Note that no current use of strings in Infinity allows characters outside of A-Za-z0-9()_ (i.e. nobody needs to write a Modified UTF-8 decoder just yet!)

Architecture specifier marks

An architecture specifier mark encodes a word size and byte ordering. An architecture specifier mark is two bytes with the following meaning:

First byte Second byte Word size Byte ordering
0x18 0x49 32 bits big endian
0x49 0x18 32 bits little endian
0x78 0x29 64 bits big endian
0x29 0x78 64 bits little endian
  • Note consumers SHOULD reject notes as UNHANDLED if the note contains an unknown architecture specifier mark.

Encoded type lists

Lists of Infinity types (e.g. parameter types, return types) are encoded as strings. The basic types int, ptr and opaque are encoded as "i", "p" and "o" respectively. Function types are encoded as:

"F" + encoded return types + "(" + encoded parameter types + ")"

Examples:

  1. A function that accepts one ptr parameter and returns two int values has an encoded type of "Fii(p)".
  2. A function that accepts two parameters, 1) a function with an opaque parameter followed by an int parameter that returns an int and a ptr, and 2) an opaque parameter, that returns two ptr values has an encoded type of "Fpp(Fip(oi)o)".
  3. A function that accepts one int parameter and returns a function that accepts one ptr parameter and returns two int values has an encoded type of "FFii(p)(i)".

Processing:

  • Note consumers SHOULD reject notes containing encoded types lists containing characters other than ipoF() as UNHANDLED.
  • Note consumers SHOULD reject notes containing otherwise undecodable encoded types lists as CORRUPT.
  • Note consumers SHOULD NOT attempt to handle notes with invalid encoded types lists in any way other than trivial things like displaying information.

Function signatures

Infinity functions are referenced by their signature. A function's signature is constructed from its provider, its name, and its encoded parameter and return types lists as follows:

 provider + "::" + name + "(" + encoded_paramtypes + ")" + encoded_returntypes

A function called "a_function" with provider "example_provider" that accepts one ptr parameter and returns two int values has a signature of "example_provider::a_function(p)ii".

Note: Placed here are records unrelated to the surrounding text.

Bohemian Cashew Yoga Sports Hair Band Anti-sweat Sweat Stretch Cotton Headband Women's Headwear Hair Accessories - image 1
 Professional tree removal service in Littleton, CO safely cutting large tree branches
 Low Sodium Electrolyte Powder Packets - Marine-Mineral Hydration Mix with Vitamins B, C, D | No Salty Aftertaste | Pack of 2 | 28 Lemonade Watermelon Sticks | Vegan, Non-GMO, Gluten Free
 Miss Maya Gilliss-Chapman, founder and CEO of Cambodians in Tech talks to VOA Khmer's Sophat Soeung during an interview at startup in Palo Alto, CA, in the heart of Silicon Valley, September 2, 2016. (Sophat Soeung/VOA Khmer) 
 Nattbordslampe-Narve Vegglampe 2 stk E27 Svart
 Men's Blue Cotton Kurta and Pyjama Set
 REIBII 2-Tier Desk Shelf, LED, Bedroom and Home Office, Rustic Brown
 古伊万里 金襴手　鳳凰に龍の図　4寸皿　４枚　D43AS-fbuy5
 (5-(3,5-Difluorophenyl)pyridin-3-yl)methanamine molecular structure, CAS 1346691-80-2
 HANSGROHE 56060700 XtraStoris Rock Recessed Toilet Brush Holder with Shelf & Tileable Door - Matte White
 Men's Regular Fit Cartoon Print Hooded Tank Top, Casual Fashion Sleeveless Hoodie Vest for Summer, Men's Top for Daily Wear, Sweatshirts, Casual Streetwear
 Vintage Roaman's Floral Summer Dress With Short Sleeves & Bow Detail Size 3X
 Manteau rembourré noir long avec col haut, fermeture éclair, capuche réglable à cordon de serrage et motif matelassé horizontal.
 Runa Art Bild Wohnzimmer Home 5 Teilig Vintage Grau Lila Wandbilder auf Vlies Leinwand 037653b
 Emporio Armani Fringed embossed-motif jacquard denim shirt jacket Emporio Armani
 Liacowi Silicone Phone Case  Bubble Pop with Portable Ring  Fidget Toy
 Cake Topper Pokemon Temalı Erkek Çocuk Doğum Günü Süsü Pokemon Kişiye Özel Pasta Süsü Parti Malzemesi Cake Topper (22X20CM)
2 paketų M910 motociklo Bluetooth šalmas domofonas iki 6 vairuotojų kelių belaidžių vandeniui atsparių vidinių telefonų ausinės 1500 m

  • Note consumers SHOULD reject notes as UNHANDLED if either provider or name are the empty string.
  • Note consumers SHOULD reject notes as UNHANDLED if the first characters of either provider or name are not in the range A-Za-z_.
  • Note consumers SHOULD reject notes as UNHANDLED if any subsequent characters of either provider or name are not in the range A-Za-z0-9_.
  • Note consumers SHOULD NOT attempt to handle notes with invalid values of provider or name in any way other than trivial things like displaying information.
  • Note consumers SHOULD process both encoded_paramtypes and encoded_returntypes as detailed in #Encoded type lists above.